Watch this insightful conversation to find out more about…

  • How recycling could drastically reduce plastic waste from billions of cards annually.
  • How Mastercard are working to address cost, security, and expertise gaps in recycling programs.
  • The exciting technology G+D are working on to help banks showcase ESG commitments effectively.

What is Card Recycling?

Of course, first things first, it was important to know what card recycling entails. Maya Reisinger, who is Product Management Director of the Convego Beyond portfolio at G+D, introduced this as a method of repurposing expired payment cards instead of discarding them in landfills. She emphasized the flexibility in this approach, noting that some banks integrate recycling into their ESG commitments without publicizing it, while others use it as a tool for customer engagement. G+D are committed to helping banks be more sustainable with a number of focused offerings

Joe Pitcher is Vice President of the sustainable cards program at Mastercard & also happens to be Chair of the Greener Payments Partnership, so he made for an ideal contributor to this conversation. He elaborated, describing card recycling as a shift from traditional disposal methods to redirecting these materials into reusable streams. It’s important of course to ensure consumers and institutions are clued up on sustainable practices and mentioned Mastercard’s research into advanced recycling methods, such as chemical recycling, to further innovate in this space.

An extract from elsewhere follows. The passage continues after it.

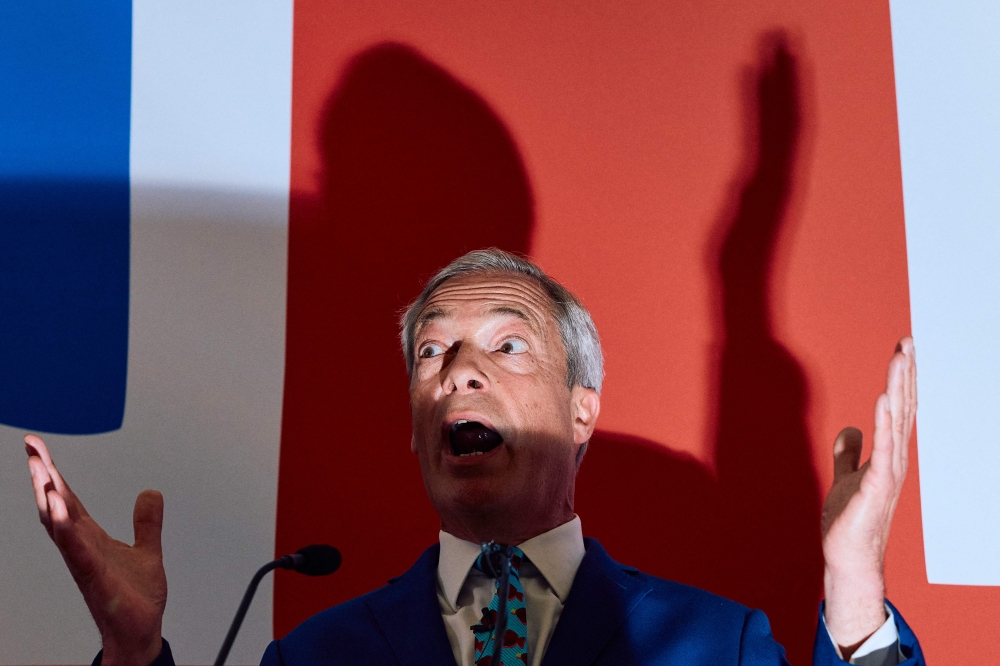 A 28-year-old man has been charged with using threatening behaviour after Brexit talisman Nigel Farage was pelted with projectiles while campaigning for the UK general election, police said today. — AFP pic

Why is Card Recycling Worth Pursuing?

Both speakers stressed the environmental and symbolic value of card recycling. Reisinger explained that recycling aligns with the industry’s broader sustainability goals, reducing waste and the carbon footprint associated with virgin plastic production. 

Pitcher quantified the potential impact, noting that recycling even a fraction of the billions of cards produced annually could eliminate significant amounts of plastic waste. Just think, there were 17.45 billion credit, debit, and prepaid cards in circulation worldwide as of the end of 2023. That’s a lot of plastic. He framed these efforts as small but crucial steps towards sustainable goals, signaling the banking industry’s commitment to sustainability.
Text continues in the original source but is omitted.